▶ Problem requirements:
Print the data below again in full, exactly as it stands, with no images.

▶ Provided material:
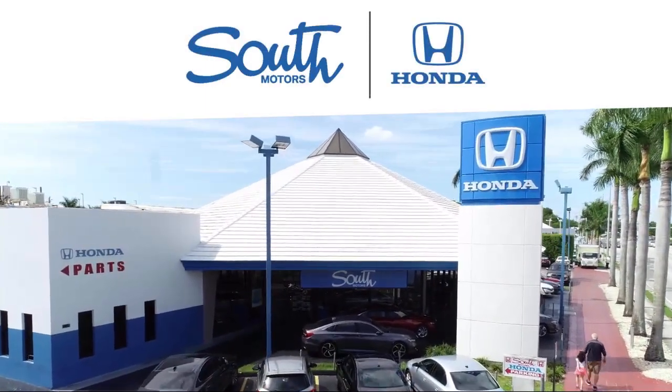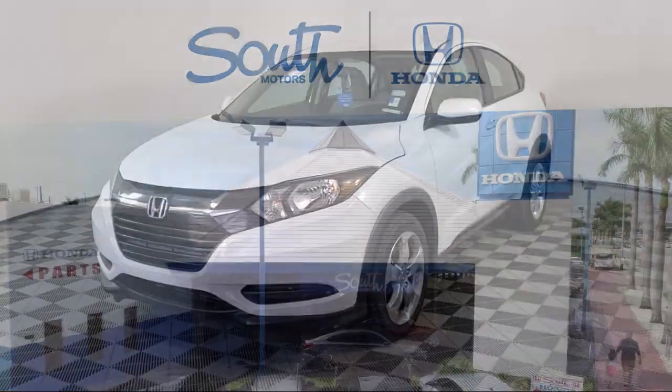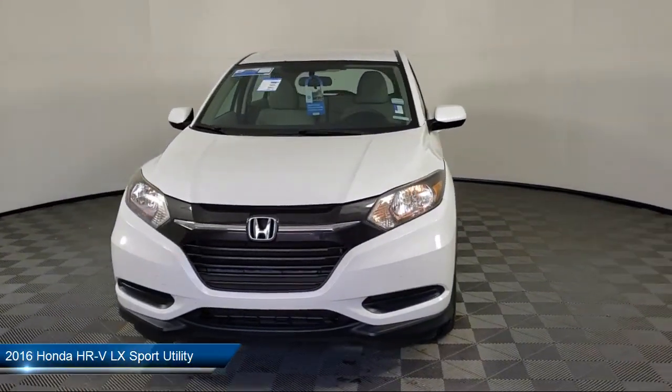Welcome to South Motors Honda, your premier destination for purchasing a vehicle. Here's a look at another one of our great vehicles in inventory.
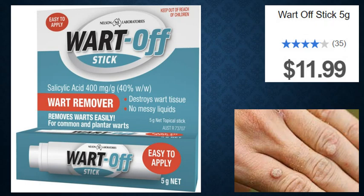Please wash the affected area, dry, and apply this Wartoff Stick to the top of the wart so that the wart does not breathe. Do not leave the wart uncovered. Repeat once daily until the wart is gone.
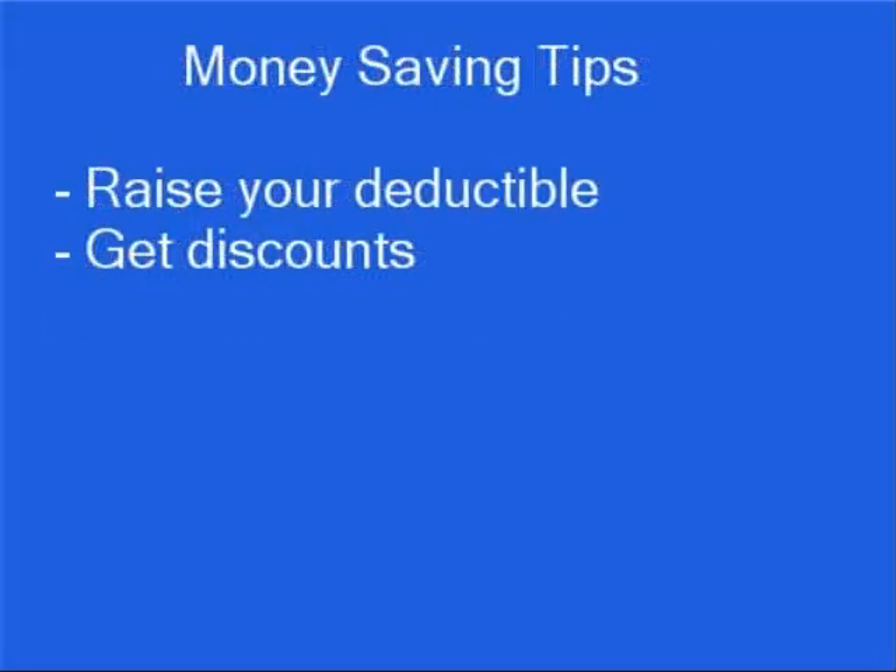To save even more on your homeowner's insurance, make sure you get the highest deductible you can afford and ask your insurer to give you all the discounts you're eligible for. Before you purchase a policy, make sure you understand it. Read it over or have an agent from the company explain it to you and make sure you're getting all the coverage you need.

▶ Solution to the problem:
Welcome to South Motors Honda, your premier destination for purchasing a vehicle. Here's a look at another one of our great vehicles in inventory.
Please wash the affected area, dry, and apply this Wartoff Stick to the top of the wart so that the wart does not breathe. Do not leave the wart uncovered. Repeat once daily until the wart is gone.
To save even more on your homeowner's insurance, make sure you get the highest deductible you can afford and ask your insurer to give you all the discounts you're eligible for. Before you purchase a policy, make sure you understand it. Read it over or have an agent from the company explain it to you and make sure you're getting all the coverage you need.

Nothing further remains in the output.